:: Raw data ::
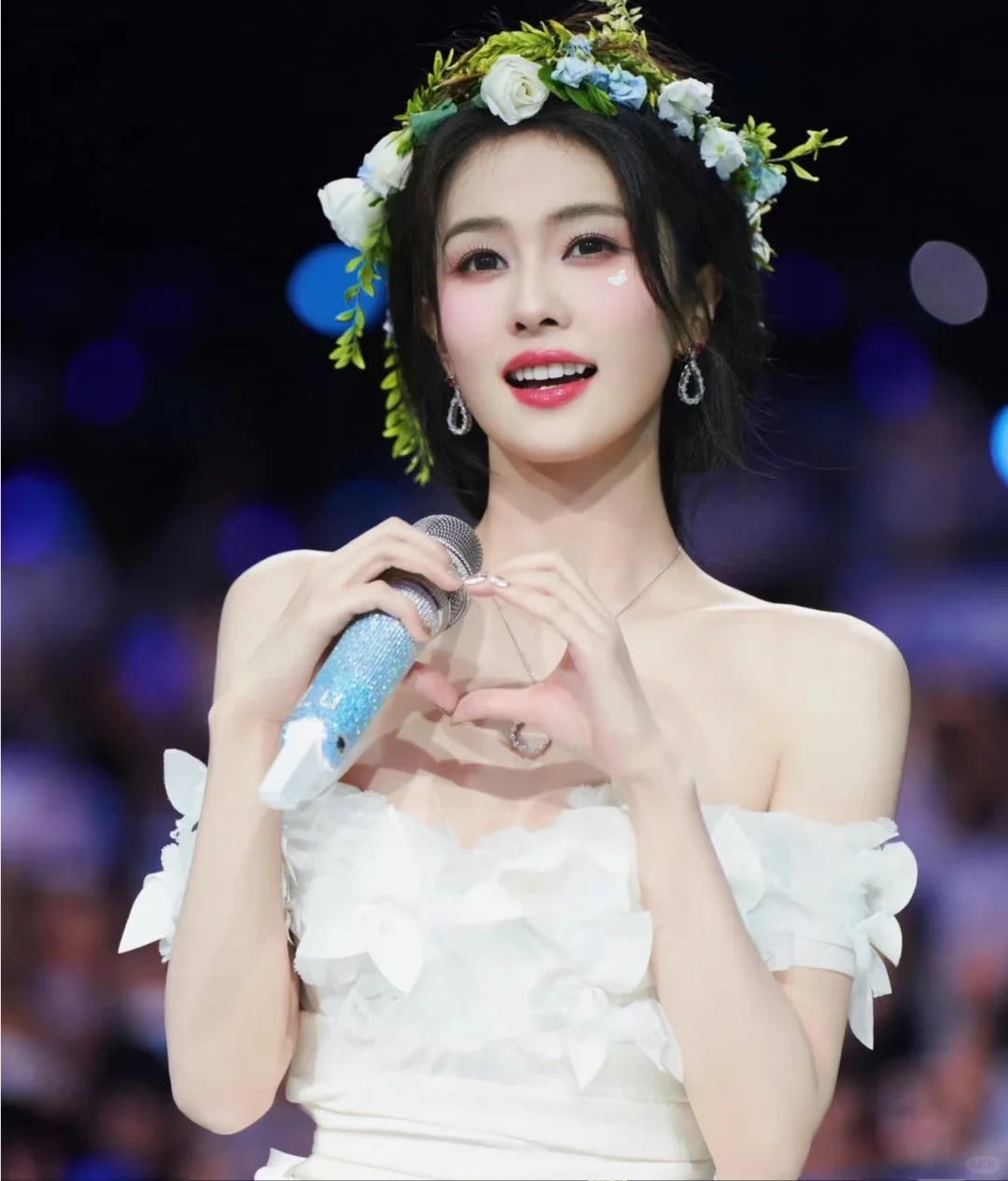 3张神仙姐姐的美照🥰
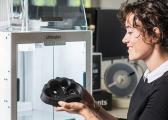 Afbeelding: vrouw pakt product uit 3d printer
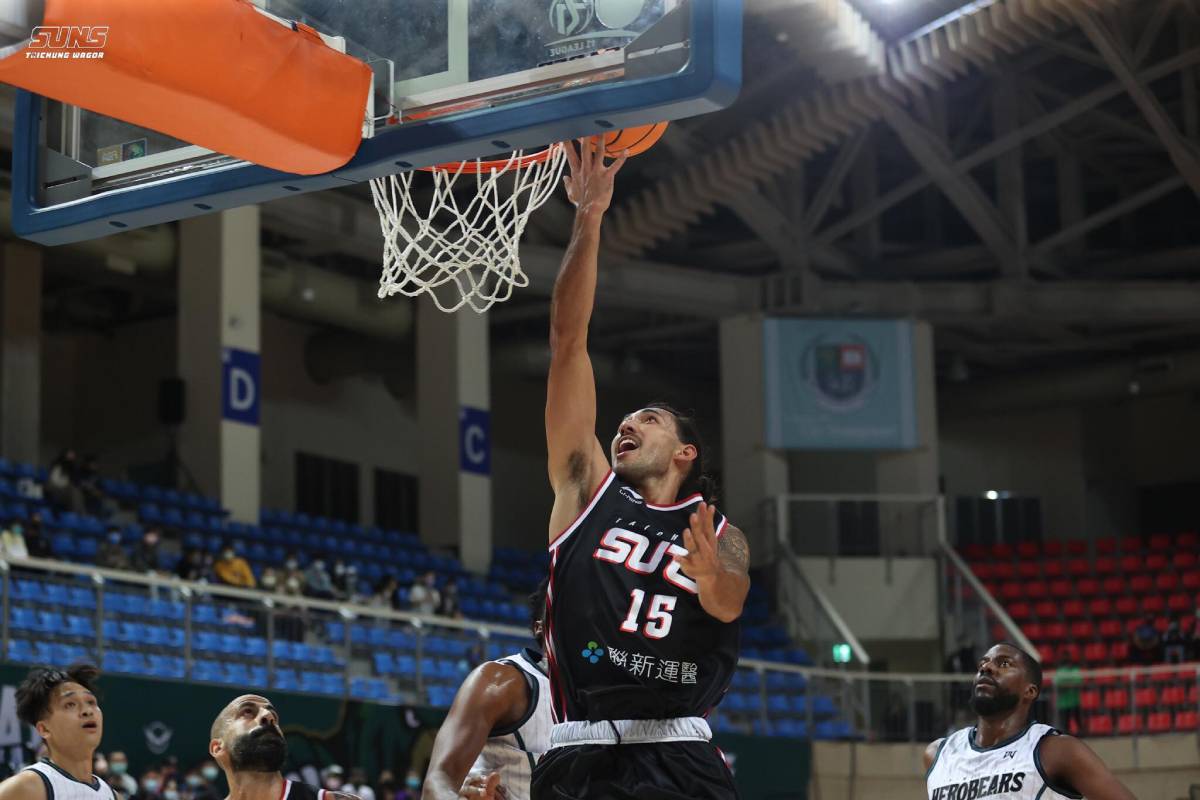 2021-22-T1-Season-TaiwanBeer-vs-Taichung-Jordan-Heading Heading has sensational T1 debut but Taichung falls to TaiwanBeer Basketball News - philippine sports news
:::
Apart from the pictures, repeat the data above exactly.

 3张神仙姐姐的美照🥰
 Afbeelding: vrouw pakt product uit 3d printer
 2021-22-T1-Season-TaiwanBeer-vs-Taichung-Jordan-Heading Heading has sensational T1 debut but Taichung falls to TaiwanBeer Basketball News - philippine sports news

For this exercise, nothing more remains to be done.